Pennsylvania's Pill-Pushing Principal

What on Earth could this guy have been thinking?
BETHLEHEM, Pa. - A middle school principal accused of selling crystal methamphetamine from his office after school and on weekends was arrested after police found the drug on his desk, authorities said Wednesday.

There was no indication that John Acerra sold the drug to students at Nitschmann Middle School, where he was arrested Tuesday, said Dennis Mihalopoulos, an agent with the Drug Enforcement Administration.

Police said they began investigating Acerra in early February after an informant told them the principal was using and distributing the drug.

Acerra, 50, who was in custody in lieu of bail, has an unlisted phone number, and it wasn't clear whether he had an attorney. No one answered the door Wednesday at his modest rowhouse along a narrow alley in Allentown.

A letter was sent to parents informing them of the arrest, and teachers had spoken with the 950 students at the school where Acerra had been principal since 2000, said Bethlehem schools Superintendent Joseph Lewis.

"I am saddened and troubled by these events," Lewis said. "I offer no explanation. There is none."

According to court documents, police last Thursday watched Acerra sell a small amount of meth to a customer in a store parking lot. They stopped the buyer, who told officers he had been to Acerra's home 10 to 15 times over the past three months, officials said.

Police then arranged for an informant to buy $200 worth of meth from Acerra on Saturday in the parking lot of an Allentown drug store, according to court documents.
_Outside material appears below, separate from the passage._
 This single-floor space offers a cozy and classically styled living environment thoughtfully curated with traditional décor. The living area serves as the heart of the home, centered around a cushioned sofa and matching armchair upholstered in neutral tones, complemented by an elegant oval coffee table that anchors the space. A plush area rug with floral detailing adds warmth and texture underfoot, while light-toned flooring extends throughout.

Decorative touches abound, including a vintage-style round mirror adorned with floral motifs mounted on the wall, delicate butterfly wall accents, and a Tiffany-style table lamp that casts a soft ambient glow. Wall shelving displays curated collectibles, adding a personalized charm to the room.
On Tuesday, police set up another $200 deal with Acerra and the informant, who wore a listening device as he began conducting the transaction inside the principal's office, authorities said. Acerra did not have enough meth to sell to the informant, and he and the informant arranged to meet later that night to complete the buy, Mihalopoulos said Wednesday.
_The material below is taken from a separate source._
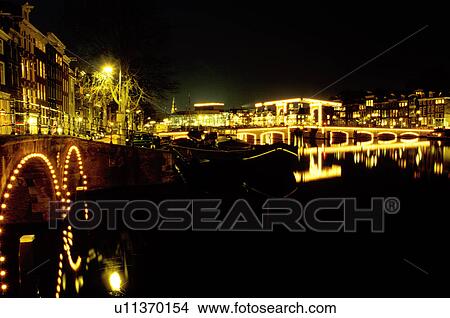bridge, canal, Amsterdam, The Netherlands, Holland, Europe, The bridges that cross the canals (grachten) are illuminated at night in downtown Amsterdam. View Large Photo Image Picture - bridge, canal, Amsterdam, The Netherlands, Holland, Europe, The bridges that cross the canals (grachten) are illuminated at night in downtown Amsterdam. . Fotosearch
After the informant left the building, police entered Acerra's office and found him sitting at his desk with a bag of meth next to a glass tube with meth residue and burn marks on it, according to court documents. Also on the desk was the marked money the informant used to purchase the drug, the documents say.

Police said that under normal circumstances, they would have made other controlled buys and tried to work their way up the drug network, but that they had to act immediately because of Acerra's job.

"We felt that it was important to take him down as quickly as possible," Martin said.
Without a doubt, Acerra will be the recipient of a Darwin Award in Eduction.

Whenever individuals engage in this type of allegedly criminal behavior, it hurts each and every one of us who dedicate our working lives to the education of America's youth.

We hope that Acerra gets his day in court.

And if proven guilty, the judge throws the book at him.